Não que o uso de todos esses recursos tornem um espetáculo ruim, pelo simples fato de seu conjunto variado de unidades, existirem por si só. O mesmo valendo também ao contrário, não é porque há uma opção estético-cênica de simplicidade, ou essencialidade, que o espetáculo será bom! Porém, é sempre muito bom quando tudo isso se encaixa, e podemos assistir a um trabalho aparentemente simples, que tem uma boa história para contar por Zappa, um único figurino, e uma mala na concepção da direção de arte de Maria Estephania, e na pontual e localizadora iluminação de Luís Paulo Neném.
É assim que é Aqueles que deixam Omelas, que nos apresenta um encontro do espectador com o narrador da história, um viajante solitário. Desde que deixou Omelas, ele percorre o mundo contando a história desse lugar de nome exótico, desconhecido por todos.
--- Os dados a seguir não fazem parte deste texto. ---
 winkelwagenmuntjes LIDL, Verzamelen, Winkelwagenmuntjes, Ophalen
O grande trunfo da direção de Maia P, é sem dúvida extrair a sinceridade e a entrega do ator João Pedro Zappa, na construção de cada um dos gestos, impulsos e partituras físicas e emocionais de sua personagem. Ao contrário do que se imagina, não devemos confundir jamais a atuação de Zappa, baseado nos velhos jargões que diriam ele fazer: “uma atuação com naturalidade”, ou “nem parece que está interpretando”.
Muito pelo contrário, para se atingir o estágio em que uma interpretação nos pareça natural, significa que é empreendido um grande empenho, e a busca sincera de seu intérprete, na construção de sua composição. Assim, Zappa é um dos jovens atores mais interessantes de sua geração. Todos os projetos em que o vejo participar, sempre me chama a atenção, as suas composições.
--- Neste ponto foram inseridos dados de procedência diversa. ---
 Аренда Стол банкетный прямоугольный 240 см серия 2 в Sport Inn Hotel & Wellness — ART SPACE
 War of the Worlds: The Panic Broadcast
Por trás da aparente simplicidade do espetáculo, ele apresenta uma forte potência e uma temática muito pertinente, e reveladora, em tempos tão duros onde uma extrema-direita está a esmagar-nos em todas as partes do mundo, com uma visão falsamente construída de Deus, Pátria, Família e Liberdade; e que se puxar uma linha sai um novelo inteiro de sujeira e podridão. Num primeiro momento, Omelas parece ser o lugar da utopia: solar, belo, alegre, livre. Mas, na verdade, ele esconde um segredo, uma feiura e tragédia quase distópicas. Ao revelar esse segredo, a sombra de Omelas aparece, tornando aquele lugar familiar a todos.
Omelas é justamente uma metáfora de nossa sociedade atual, onde estamos repletos de pessoas que se multiplicam em redes sociais escrevendo ou opinando sobre todo e qualquer assunto, sem que muitas das vezes sequer apresentem qualquer credencial para discorrer sobre os temas propostos; assim como a extrema-direita que vive em construir narrativas, sem saber também nenhum dos princípios básicos para tal. Com isso, em tempos tão estranhos e conturbados, a simplicidade de um ator-contador-rapsodo, ao narrar sua história, ao viajar de localidade à localidade, só ajuda a enriquecer a comunicação, a escuta e a reflexão sobre a nossa sociedade e as verdadeiras percepções de mundo. Assista ao espetáculo, ouça as narrações, e nos diga então: “E você acredita nisso?” “Acredita agora?”